Entendu hier sur la chaîne "Sur les Pas du Padre Pio" un récit qui selon le présentateur "donne la chair de poule" à un catholique (mais qui sans doute donnerait la nausée à un protestant) : il est extrait des mémoires du célèbre exorciste romain le P. Gabriel Amorth (1925-2016), et figure aussi sur le site Aletheia.

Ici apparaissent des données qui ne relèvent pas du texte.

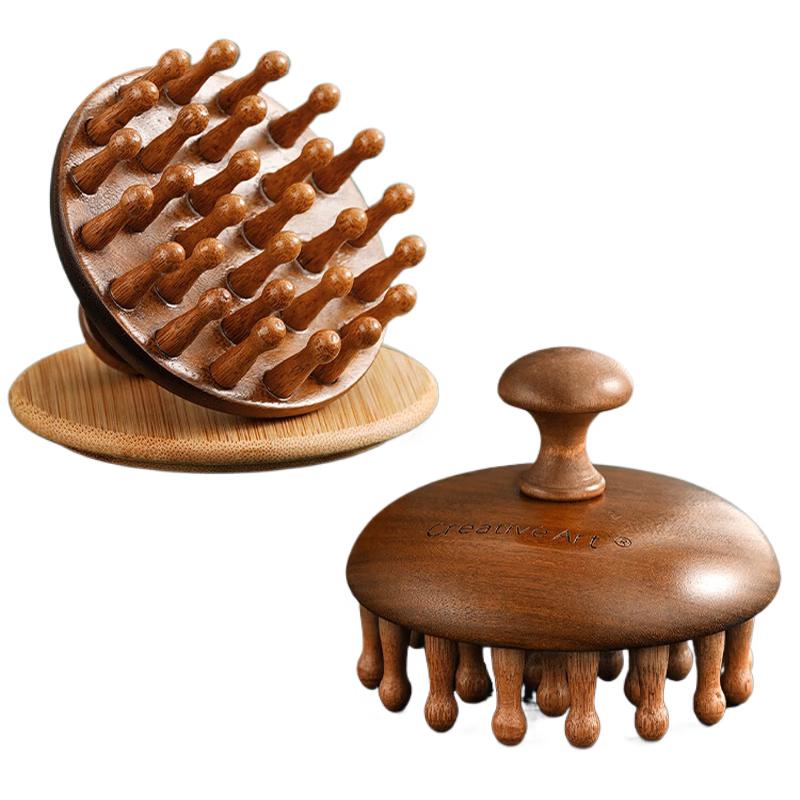 Creative Art Gold Silk Sandalwood Round Massage Comb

En 1823, à Ariano Irpino,un jeune homme est possédé. Deux dominicains réalisent l'exorcisme, et forcent le démon, pour l'humilier, à démontrer que Marie est immaculée et de le faire sous forme de sonnet (à rapprocher peut-être de ce que j'écrivais il y a 7 ans sur un exorcisme de 1610 à la Sainte-Baume, je referme la parenthèse). Voici quel en fut le résultat.

« Je suis la vraie Mère d’un Dieu qui est Fils
et je suis fille de Lui, bien que sa Mère.

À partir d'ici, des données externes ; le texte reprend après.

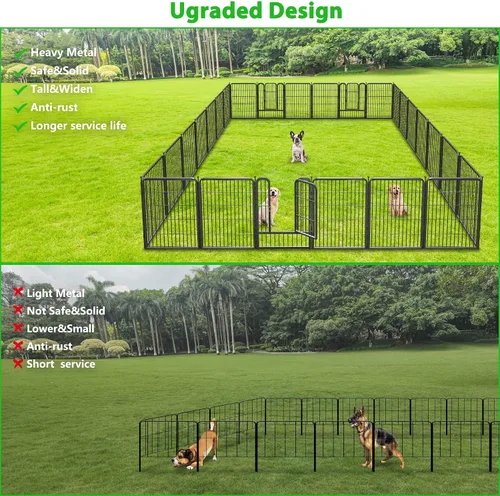 Vista 5 de Valla decorativa de metal negro para jardín con puerta, 4.5 pies de largo x 32 pulgadas de alto, 2 paneles de valla sin excavación, valla de barrera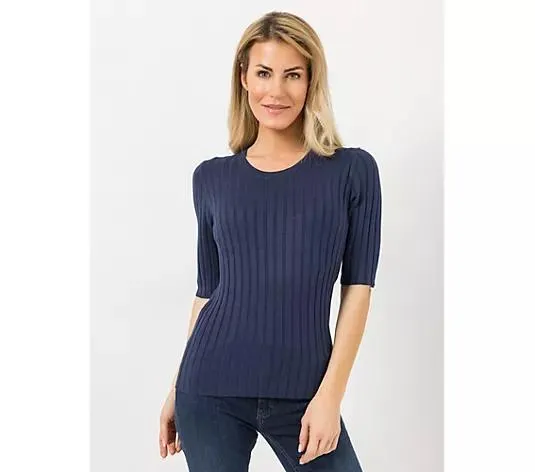 VIA MILANO Pullover langer Halbarm Rundhalsausschnitt hüftumspielend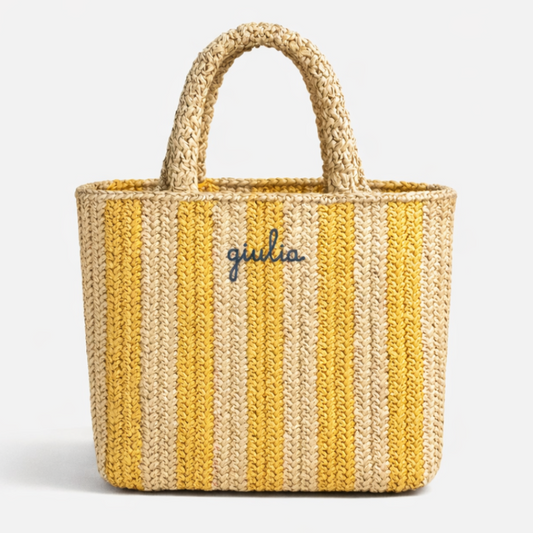 Borsa a Mano in Rafia - Righe gialle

Il est né de toute éternité, et c’est mon Fils,
Dans le temps je suis née, et pourtant je suis sa Mère.
Il est mon créateur et il est mon Fils
Je suis sa créature et je suis sa Mère.
C’est un prodige Divin que soit mon Fils
un Dieu Éternel, et de m’avoir pour Mère.
L’être est presque commun entre Mère et Fils
parce que l’être, c’est de son Fils que l’eut la Mère,
et l’être de la Mère, l’eut aussi le Fils.
Or si l’être du Fils l’eut la Mère,
Ou bien on dit que fut maculé le Fils
Ou sans tache on dira la Mère »

Je me garderai évidemment de tout commentaire sur ce texte étrange qui fut transmis trente ans plus tard au pape Pie IX qui proclama le dogme de l'Immaculée conception.